Moreover, there were two victims, one of whom was beaten and assaulted. A conviction for robbery can be sustained even if a defendant merely threatens the use of force, N.J.S.A. 2C:15-1(a), but here defendant did far more than merely threaten force because he actually repeatedly assaulted one of the two victims. We reject defendant's characterization of his offense as merely "taking quarters with a broomstick." The sentence on count one, ten years imprisonment with the required eighty-five percent parole disqualification term, does not shock the conscience and is well-supported by the evidence in the record. Roth, supra, 95 N.J. at 365. Consequently, we will not substitute our judgment for that of the sentencing court. State v. Cassady, 198 N.J. 165, 180 (2009).
We likewise reject defendant's contention that a consecutive sentence on count five for hindering apprehension was unjustified. We are satisfied that defendant's objective in committing the robbery (count one) and in running from police (count five) were entirely different, and the two crimes involved separate acts. Under such circumstances, the imposition of a consecutive sentence was not an abuse of the judge's discretion. State v. Yarbough, 100 N.J. 627, 643-44 (1985), cert. denied, 475 U.S. 1014, 106 S.Ct. 1193, 89 L.Ed. 2d 308 (1986). We thus reject the claim defendant advances in Point II.

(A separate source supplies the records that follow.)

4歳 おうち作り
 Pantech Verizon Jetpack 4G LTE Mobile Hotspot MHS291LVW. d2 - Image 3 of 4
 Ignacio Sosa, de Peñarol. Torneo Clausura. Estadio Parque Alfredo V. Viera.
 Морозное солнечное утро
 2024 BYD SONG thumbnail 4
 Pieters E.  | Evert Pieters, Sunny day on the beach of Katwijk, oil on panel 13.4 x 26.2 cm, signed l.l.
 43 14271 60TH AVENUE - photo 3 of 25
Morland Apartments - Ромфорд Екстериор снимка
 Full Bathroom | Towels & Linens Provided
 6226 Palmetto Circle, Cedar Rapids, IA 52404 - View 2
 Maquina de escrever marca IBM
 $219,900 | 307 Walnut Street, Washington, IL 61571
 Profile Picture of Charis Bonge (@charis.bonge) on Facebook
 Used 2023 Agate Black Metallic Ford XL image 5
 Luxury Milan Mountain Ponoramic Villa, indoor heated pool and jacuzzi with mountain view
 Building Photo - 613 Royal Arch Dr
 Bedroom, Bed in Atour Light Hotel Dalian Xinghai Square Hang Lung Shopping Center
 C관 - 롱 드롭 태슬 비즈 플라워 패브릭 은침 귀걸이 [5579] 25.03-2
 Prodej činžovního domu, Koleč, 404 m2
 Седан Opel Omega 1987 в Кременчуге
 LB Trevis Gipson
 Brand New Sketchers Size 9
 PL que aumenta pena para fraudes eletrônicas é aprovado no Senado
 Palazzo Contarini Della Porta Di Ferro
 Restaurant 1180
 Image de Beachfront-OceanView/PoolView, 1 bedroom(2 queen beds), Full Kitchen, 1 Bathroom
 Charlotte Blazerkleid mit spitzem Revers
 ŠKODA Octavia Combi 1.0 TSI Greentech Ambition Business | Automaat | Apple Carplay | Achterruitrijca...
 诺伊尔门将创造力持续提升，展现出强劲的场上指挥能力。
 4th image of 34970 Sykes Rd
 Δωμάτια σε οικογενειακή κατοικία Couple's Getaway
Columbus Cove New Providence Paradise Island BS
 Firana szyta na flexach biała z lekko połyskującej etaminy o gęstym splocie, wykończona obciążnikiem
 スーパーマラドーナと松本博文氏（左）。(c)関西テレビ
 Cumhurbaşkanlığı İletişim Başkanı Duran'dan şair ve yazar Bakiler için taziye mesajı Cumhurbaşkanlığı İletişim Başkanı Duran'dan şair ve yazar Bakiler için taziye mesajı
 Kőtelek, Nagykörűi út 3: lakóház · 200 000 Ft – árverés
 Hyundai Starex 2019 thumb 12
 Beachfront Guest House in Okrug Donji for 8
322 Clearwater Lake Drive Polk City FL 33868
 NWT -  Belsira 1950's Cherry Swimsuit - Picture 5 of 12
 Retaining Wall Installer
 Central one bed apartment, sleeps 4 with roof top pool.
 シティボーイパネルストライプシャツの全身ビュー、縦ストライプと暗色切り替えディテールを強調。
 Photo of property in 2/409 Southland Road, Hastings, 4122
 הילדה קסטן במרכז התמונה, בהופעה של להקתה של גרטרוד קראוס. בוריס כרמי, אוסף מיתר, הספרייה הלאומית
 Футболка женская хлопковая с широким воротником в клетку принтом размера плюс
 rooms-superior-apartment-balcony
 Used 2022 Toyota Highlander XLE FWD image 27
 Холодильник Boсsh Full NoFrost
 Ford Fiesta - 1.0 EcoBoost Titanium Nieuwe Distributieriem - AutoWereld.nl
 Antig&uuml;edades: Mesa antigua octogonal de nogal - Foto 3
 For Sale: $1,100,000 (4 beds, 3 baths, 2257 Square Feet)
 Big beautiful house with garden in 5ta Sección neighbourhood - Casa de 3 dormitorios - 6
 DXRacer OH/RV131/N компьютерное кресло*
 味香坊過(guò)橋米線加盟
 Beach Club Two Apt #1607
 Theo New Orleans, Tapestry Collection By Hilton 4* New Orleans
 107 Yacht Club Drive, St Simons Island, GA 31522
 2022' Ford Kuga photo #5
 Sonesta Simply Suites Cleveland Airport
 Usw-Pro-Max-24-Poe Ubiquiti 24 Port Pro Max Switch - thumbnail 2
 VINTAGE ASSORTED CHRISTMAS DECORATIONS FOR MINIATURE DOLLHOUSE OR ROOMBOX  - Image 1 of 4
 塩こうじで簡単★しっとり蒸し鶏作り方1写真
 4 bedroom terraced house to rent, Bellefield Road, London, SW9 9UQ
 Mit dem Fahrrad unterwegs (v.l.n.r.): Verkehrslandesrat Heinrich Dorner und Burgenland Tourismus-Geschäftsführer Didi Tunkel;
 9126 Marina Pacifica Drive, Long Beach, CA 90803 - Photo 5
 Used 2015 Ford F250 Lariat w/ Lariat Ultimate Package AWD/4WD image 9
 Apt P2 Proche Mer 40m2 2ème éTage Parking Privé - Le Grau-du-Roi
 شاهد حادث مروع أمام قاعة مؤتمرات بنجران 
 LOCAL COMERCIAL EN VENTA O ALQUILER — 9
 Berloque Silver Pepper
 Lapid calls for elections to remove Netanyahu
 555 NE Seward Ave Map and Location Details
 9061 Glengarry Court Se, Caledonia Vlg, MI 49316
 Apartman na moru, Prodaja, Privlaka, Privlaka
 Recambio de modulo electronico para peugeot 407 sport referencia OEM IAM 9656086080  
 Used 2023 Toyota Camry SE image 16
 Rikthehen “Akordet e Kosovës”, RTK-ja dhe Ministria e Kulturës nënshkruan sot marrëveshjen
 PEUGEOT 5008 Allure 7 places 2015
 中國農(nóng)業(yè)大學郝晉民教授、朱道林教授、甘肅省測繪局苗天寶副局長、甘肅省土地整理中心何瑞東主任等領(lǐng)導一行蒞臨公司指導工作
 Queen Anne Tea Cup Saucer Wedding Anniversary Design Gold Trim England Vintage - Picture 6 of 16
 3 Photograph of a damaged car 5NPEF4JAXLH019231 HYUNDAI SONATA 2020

In Point III, defendant maintains that the judge erred by addressing his PCR claims before his direct appeal had been concluded. For that reason, he urges us to permit him to preserve for subsequent review his ineffective assistance of counsel claims, which he has not briefed here on direct appeal, but which were the subject of his PCR petition. We agree with defendant that such result is fair and should be permitted.
We also agree with defendant's contention that the judge should have refrained from hearing defendant's PCR. Once defendant filed an appeal on January 9, 2008 from his December 14, 2007 conviction, the Law Division should have dismissed the PCR without prejudice, pending the disposition of defendant's direct appeal in light of the provisions of Rule 2:9-1(a).
However, although we agree with defendant that the denial of his PCR petition should be preserved for separate appellate review, we will require defendant to file a separate notice of appeal, after which the Clerk's Office will calendar defendant's appeal of the denial of his PCR petition. We recognize that such filing will be outside the forty-five day deadline for the filing of a notice of appeal that is specified in Rule 2:4-1(a); however, because defendant did file a timely notice of appeal, though under the present docket number, we perceive no harm in permitting an untimely filing of a notice of appeal concerning the March 5, 2009 denial of his PCR petition.
Defendant's conviction and sentence are affirmed. The March 5, 2008 denial of defendant's PCR petition is preserved for subsequent appellate review once defendant files a new notice of appeal, which must be accomplished within forty-five days.
Remanded for correction of the JOC to specify the concurrent sentence on count four and the consecutive sentence on count five.